Marianne Keddington-Lang, former Senior Acquisitions Editor

How to Read the American West: A Field Guide
By William Wyckoff

“What better way to spend the summer than discovering a new way to look at the landscapes of the American West. In this beautifully illustrated field guide, Bill Wyckoff reveals surprising patterns and asks intriguing questions about how people have adapted to and changed the region. Tuck this fine book in your car or backpack and explore.”

Mary Ribesky, Assistant Managing Editor

Discovering Totem Poles: A Traveler’s Guide
By Aldona Jonaitis

“Visitors to the Northwest can create a unique travel journey using this full-color guide to totem poles of the Inside Passage. Vibrant maps locate more than fifty poles in destinations ranging from Seattle to Juneau. A must for the traveler who loves Northwest Native arts and culture.”



Linda Tom, Credit and Accounts Receivable Manager

Exploring Washington’s Past: A Road Guide to History
By Ruth Kirk and Carmela Alexander

“It offers interesting facts about many Washington state communities. A nice book to have while exploring the state, the index also allows you to search by town or people that developed its history.”


 Tim Zimmermann, Assistant Acquisitions Editor

Hiking Washington’s History
By Judy Bentley

“I can’t decide if Hiking Washington’s History is a trail guide with really engaging history or an accessible state history based around well-chosen hikes. It’s a great way to learn about the exploration and settlement of Washington, about its indigenous peoples’ relationship with the land, and about its weird trivia, all while experiencing the state’s natural beauty.”

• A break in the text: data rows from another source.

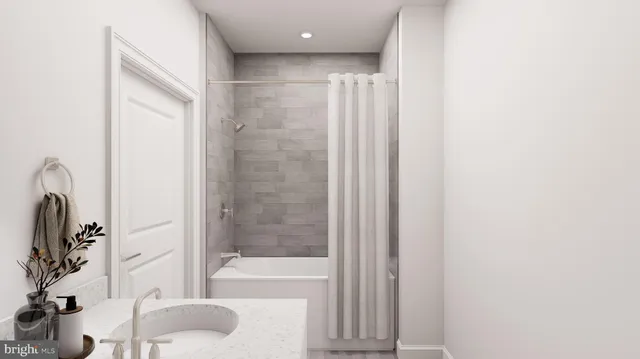 a bathroom with a bathtub and a sink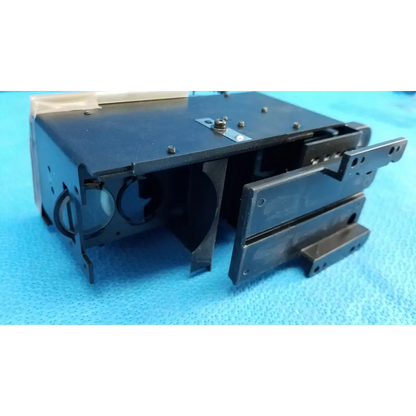 Black plastic halogen illumination lamp assembly with screws and cutouts for topcon trc-nw8 fundus camera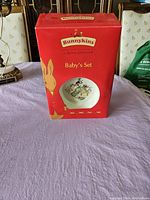 Front view of original red Bunnykins box for the baby set showing logo, product name, and an image of the plate.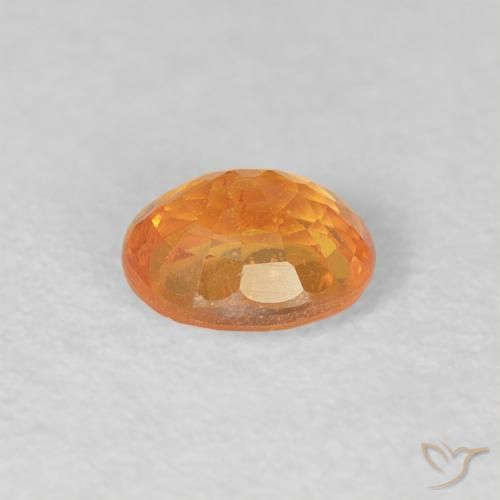 Hilo de espesartita Naranja miel natural de 0.56 ct, Ovalada, VS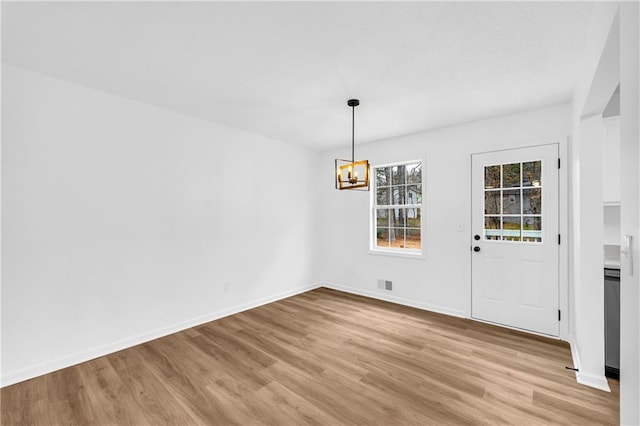 unfurnished dining area with visible vents, light wood-style flooring, baseboards, and an inviting chandelier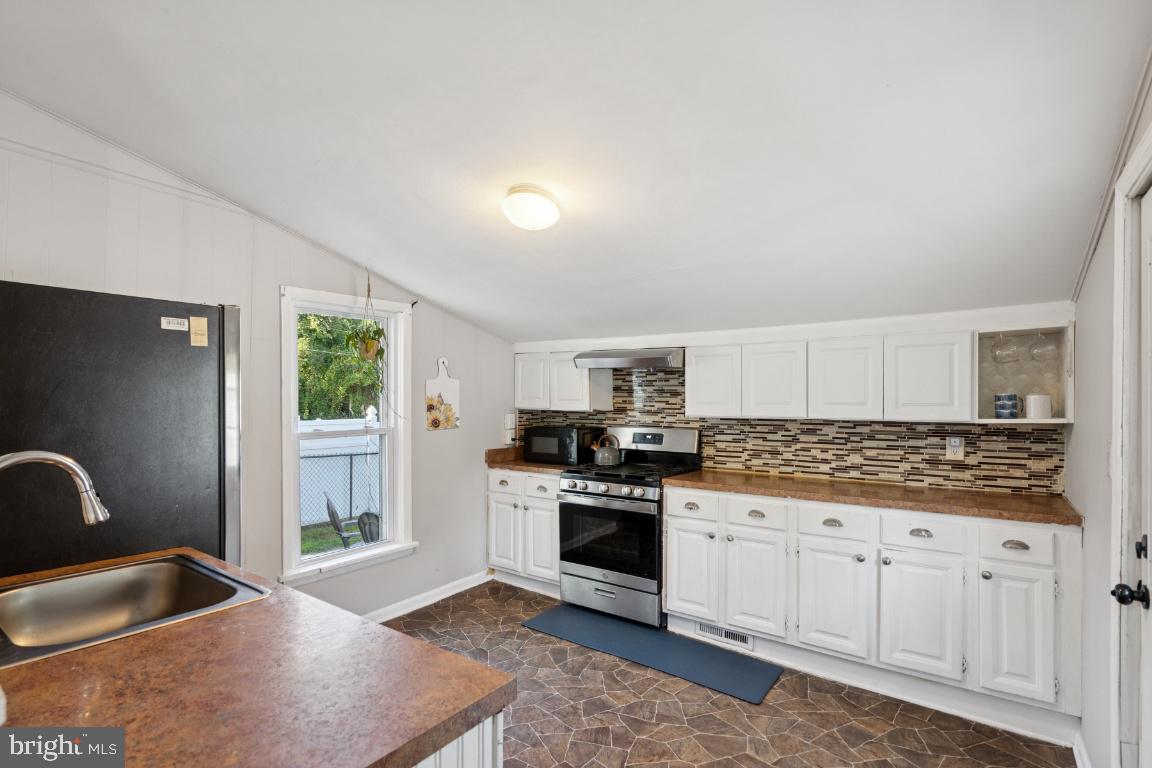 344 Raritan Avenue Atco, NJ 08004 - Photo 15 of 26 a kitchen with granite countertop a stove sink and cabinets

Kirby-Diane Murphy,  Production Coordinator

No-No Boy
By John Okada

“The year was 1977. I was a recent transfer student to the UW. As a struggling art student far from home, I sought solace in the many used bookstores on the Ave. One book I picked up was No-No Boy by John Okada. A very moving story set in my new home Seattle (and on the UW campus). I walked the same streets and smelled the same smells. I couldn’t put the book down and remember finishing it in one sitting. I used it as my personal walking tour of Seattle’s International District and looked for other landmarks mentioned in the book. I never dreamed I would be working for the publisher of this book, nor could I have imagined I’d be handling the production of future reprints of No-No Boy. Every time I send this title off to the printer for reprinting, I can’t help but remember the cold, rainy day when I first held this book in my hands. (As a little aside to Mariners fans, the main character’s name is Ichiro.)

As I retire next month, I recently completed the 16th and LAST reprint of our original edition of  No-No Boy. This August a brand new edition of No-No Boy will be available. A new cover with a haunting original drawing has been designed. Besides new cover, a foreword by Ruth Ozeki has been added to this important work by John Okada. Here’s to a long title life for one of my favorite books.”

1 thought on “Staff Picks: Pacific Northwest Travel

  1. sandvick

    Reblogged this on and commented:
    As a resident of the Pacific Northwest, I thought it would be fun to share books that the staff of the University of Washington Press blog believed were perfect for traveling throughout the region this summer. These books cover the historical, natural and cultural features of the region. The books include:
    1. William Wyckoff, How to Read the American West: A Field Guide
    2. Aldona Jonaitis, Discovering Totem Poles: A Traveler’s Guide
    3. Ruth Kirk and Carmela Alexander, Exploring Washington’s Past: A Road Guide to History
    4. Judy Bentley, Hiking Washington’s History
    Double secret tip: It rarely rains here in the summer. Don’t tell anyone.